*** DATA RECORDS ***

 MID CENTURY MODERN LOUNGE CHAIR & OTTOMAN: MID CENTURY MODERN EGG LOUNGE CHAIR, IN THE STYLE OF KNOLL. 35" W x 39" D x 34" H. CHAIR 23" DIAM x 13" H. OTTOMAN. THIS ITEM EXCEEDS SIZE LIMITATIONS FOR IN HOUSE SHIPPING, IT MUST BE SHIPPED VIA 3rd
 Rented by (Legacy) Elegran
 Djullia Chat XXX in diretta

***
*** DATA RECORDS ***

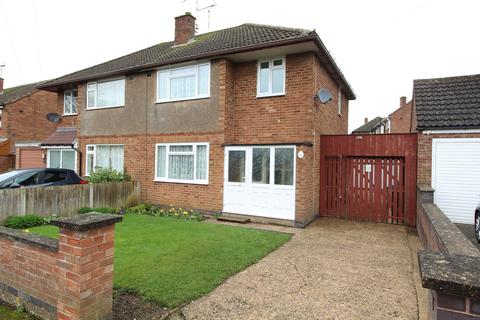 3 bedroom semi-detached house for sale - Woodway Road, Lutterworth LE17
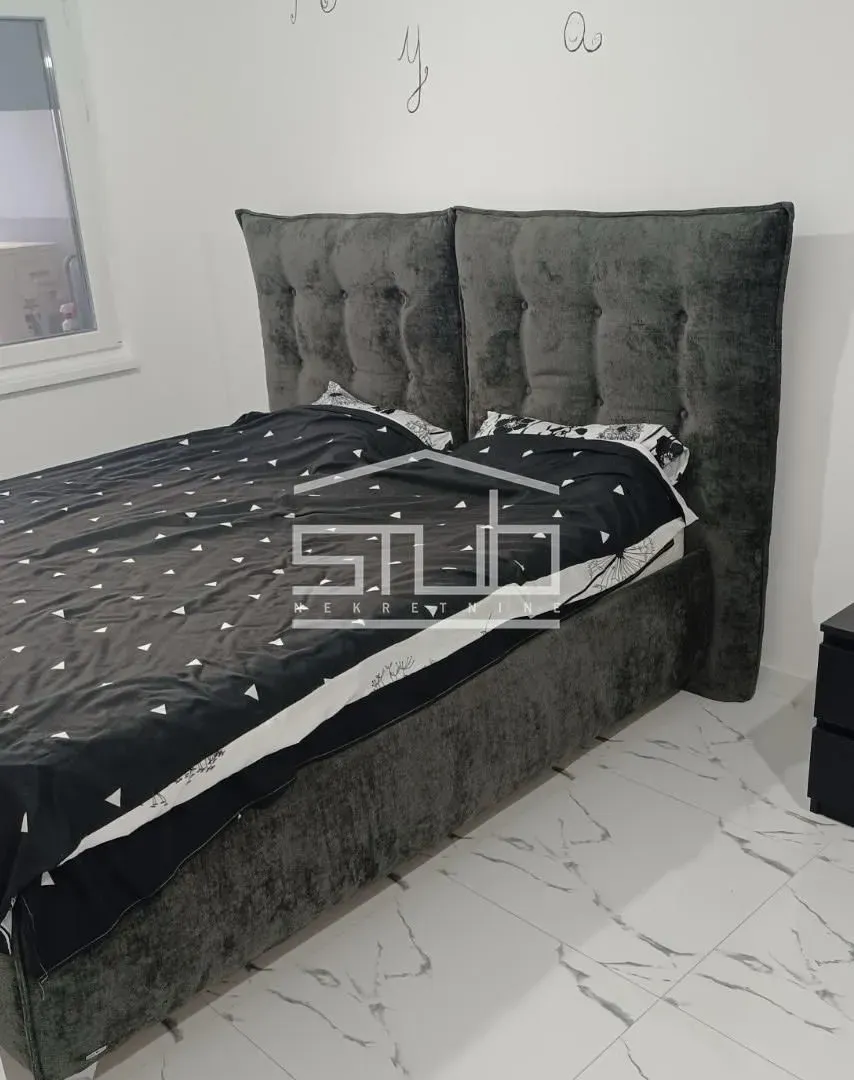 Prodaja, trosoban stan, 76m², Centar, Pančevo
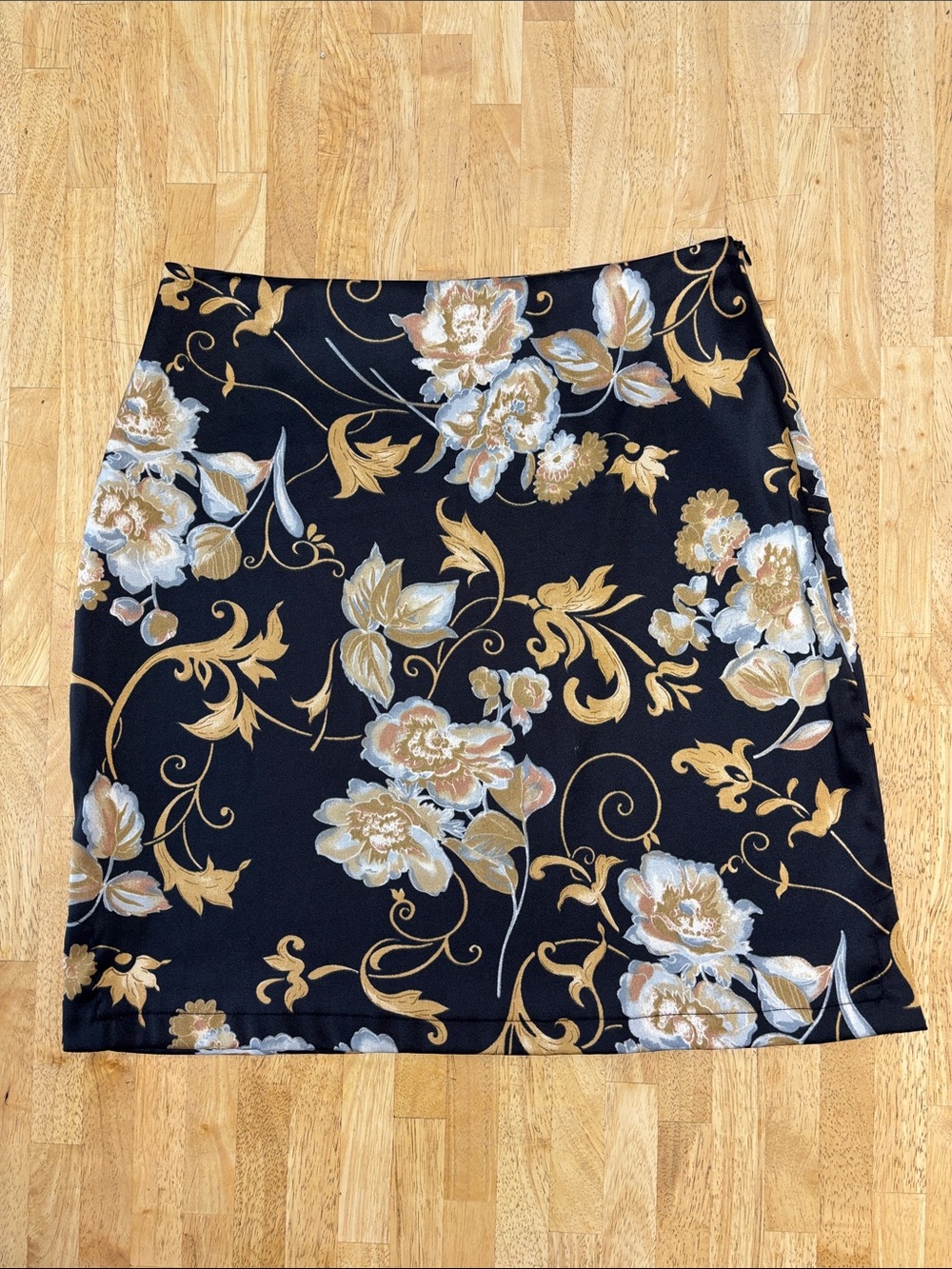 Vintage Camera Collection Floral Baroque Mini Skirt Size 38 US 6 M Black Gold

***
*** DATA RECORDS ***

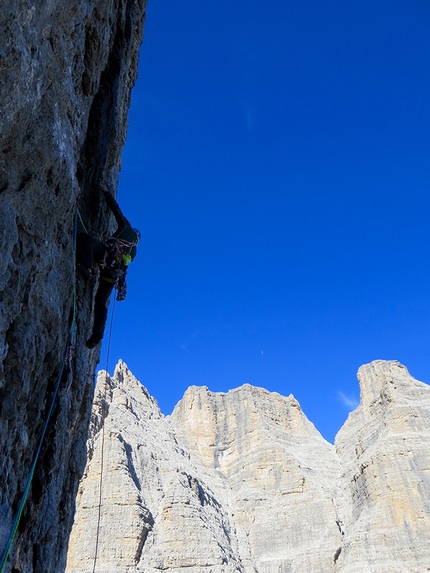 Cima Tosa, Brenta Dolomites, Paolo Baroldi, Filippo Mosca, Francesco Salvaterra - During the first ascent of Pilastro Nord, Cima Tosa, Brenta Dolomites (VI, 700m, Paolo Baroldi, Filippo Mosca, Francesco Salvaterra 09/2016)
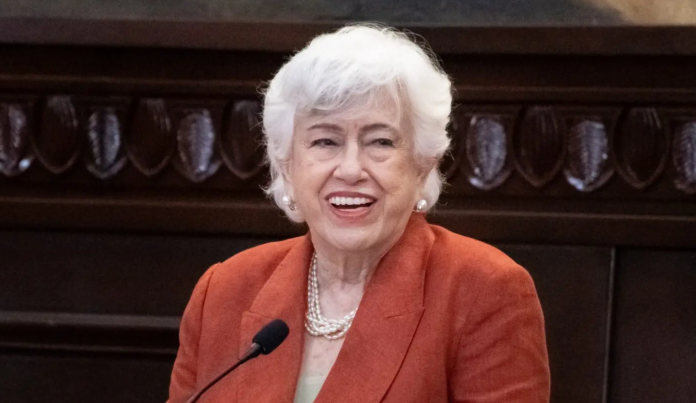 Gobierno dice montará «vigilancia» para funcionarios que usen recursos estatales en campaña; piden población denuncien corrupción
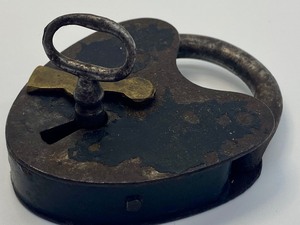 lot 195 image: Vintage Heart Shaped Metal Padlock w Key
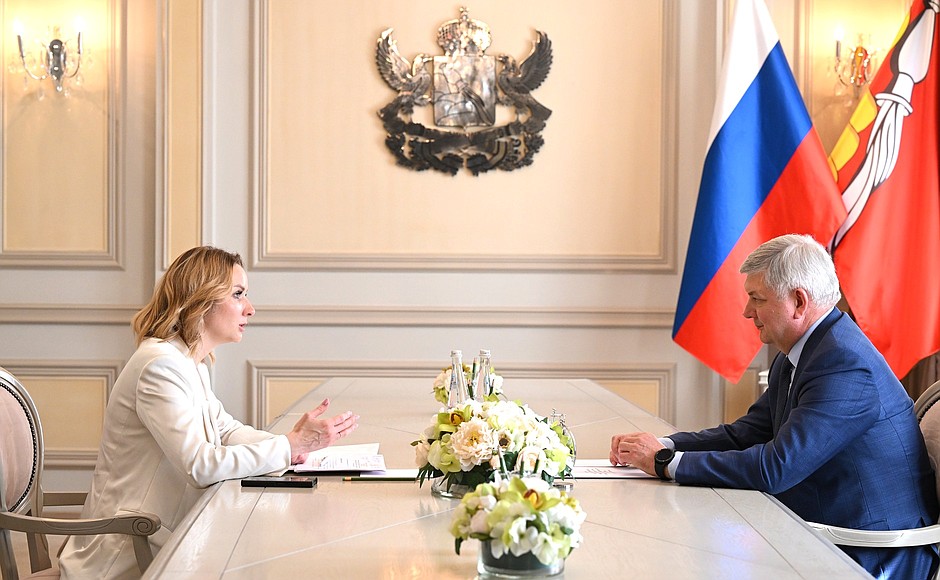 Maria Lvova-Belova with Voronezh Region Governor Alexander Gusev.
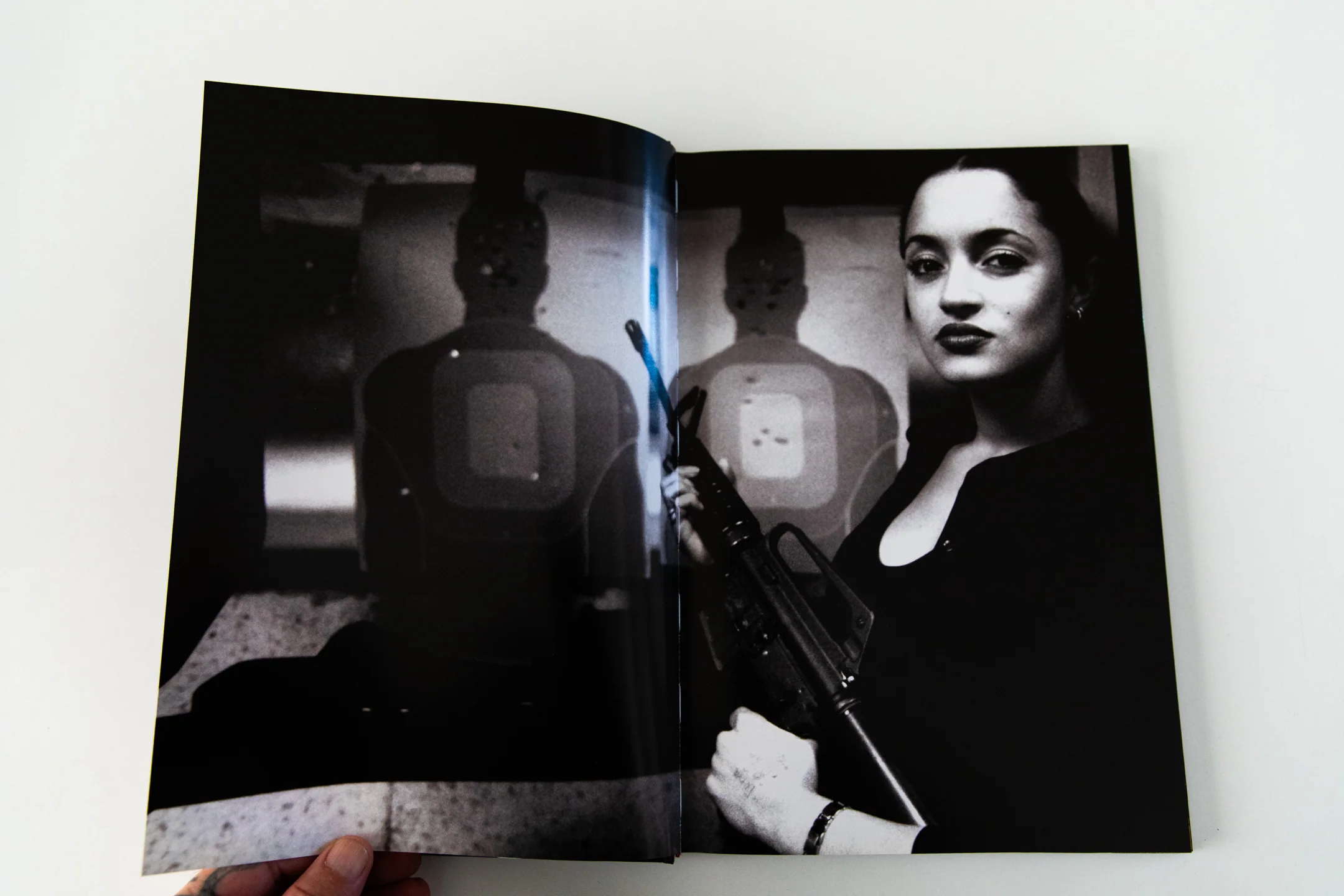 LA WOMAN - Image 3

***

EXERCISE DETAILS: In the listing above, find the line with "Prodaja, trosoban stan, 76m², Centar, Pančevo" and the line with "Vintage Camera Collection". Transcribe those two and everything between, exactly, leaving out pictures.

COMPLETED EXERCISE:
 Prodaja, trosoban stan, 76m², Centar, Pančevo
 Vintage Camera Collection Floral Baroque Mini Skirt Size 38 US 6 M Black Gold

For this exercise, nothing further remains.